I read the original Curious George growing ever more horrified at what was happening and not happy that I had identified with the man with the yellow hat. His trying to keep George in line isn’t really like my trying to keep my daughter from causing chaos, but more like a kidnapper trying to keep their abductee in line, and imprisoned. Perhaps I remembered the yellow hat the best, because the hat is what is used to lure George… into a bag. George is taken away from his home and then lives with the offender. The man with the yellow hat rips George from his homeland and forces him into a zoo. Am I overreacting? When I was done reading and my daughter was busy playing with her monkeys, I googled “curious george problem” to see if I were alone. I am not. Is this some sort of overly sensitive twenty-first century reading? Overly p.c.? A lot of nursery rhymes are shocking if you think about what they are saying for more than a second, but I don’t have a problem with them. I love Barbar, remember it from when I was a kid and enjoy it now. In it a hunter shoots Barbar’s mother and Babar runs off, joining the human community (in some ways). But there is no franchise that focuses on the friendship between the hunter and Babar.

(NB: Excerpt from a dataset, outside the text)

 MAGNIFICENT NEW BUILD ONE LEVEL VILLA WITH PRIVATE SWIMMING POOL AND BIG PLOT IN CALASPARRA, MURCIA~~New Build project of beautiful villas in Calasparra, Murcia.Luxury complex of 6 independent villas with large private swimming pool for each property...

In good news, it has completely changed my view of Curious George’s mischief and I can go back to reading the more formulaic Curious George books, rooting for George to cause trouble. Did the man in the yellow hat tell you to sit quietly? Please, George, do the opposite of that and I am so sorry I misunderstood your situation. George’s curiosity is his last tie to his former identity. I should not have judged you so quickly. You are a good little monkey! Some people are displeased with the people who have a strong negative reaction to the original book point out that the Reys left Germany (and then France) to escape the Nazis (carrying the manuscript for Curious George). I am not claiming that the original shouldn’t be read (obviously Curious George is a classic that can withstand a little critique) or that the Reys themselves have issues, but it does fundamentally alter how I view the man in the yellow hat and his relationship with George. There is a lot more to say about the originals, I’ll be updating next week, on Monkey Monday.
I came across Don Freeman’s Mop Top at Half Price Books and had to purchase it for my friend who writes about redheads, because the cover features a jaunty little redheaded boy. I can’t wait to see what she does with it (update to follow!). Full disclosure, friend, I read it to my daughter first — I hope you don’t mind — and I found that, despite her lack of red hair it contained a lesson for her. And for myself: cut, brush, and comb your hair or people will give you a mean nickname and worse, try to use you as a mop. This hits a little too close to home, since my daughter and I both have fine, curly(ish) hair, that can sometimes look… moppy. Her hair was so wild when it was at a certain point (before it really grew in) that people in the streets would laugh and comment with glee. I think the term “baby Einstein” (not referring to her incredible intelligence) was used more than once. You’ll be happy to know that she now has longer, more kempt curls, but I still think that being used as a mop is kind of an extreme answer. Hey kid, you better start using some product, or we will literally wipe the floor with you.